What is being asked — Go through the data and copy every line exactly, but not the images.

START Available records

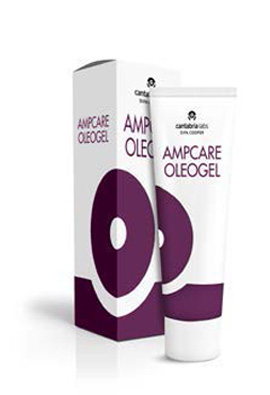 AMPCARE OLEOGEL 30 ML - Gruppofarmastore.it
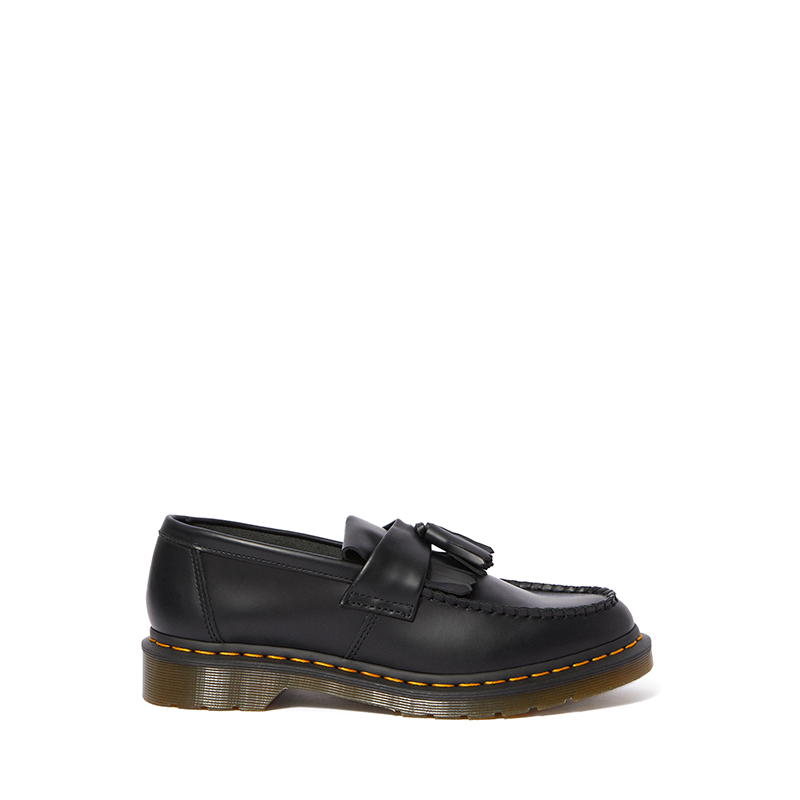 22209001-Adrian YS Black Smooth 黑色 22209001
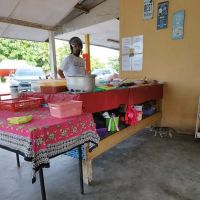 IEYNA Nasi lemak ico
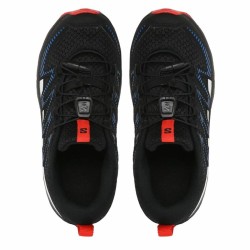 Running Shoes for Adults Salomon XA Pro V8 Black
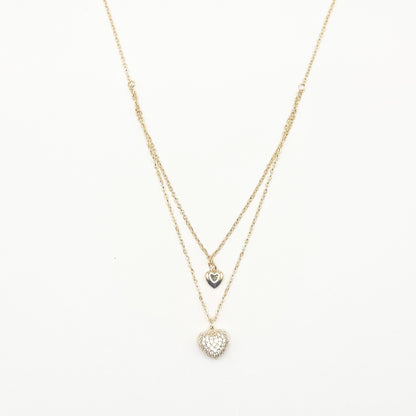 Soleil necklace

END Available records

Reply to the exercise —
 AMPCARE OLEOGEL 30 ML - Gruppofarmastore.it
 22209001-Adrian YS Black Smooth 黑色 22209001
 IEYNA Nasi lemak ico
 Running Shoes for Adults Salomon XA Pro V8 Black
 Soleil necklace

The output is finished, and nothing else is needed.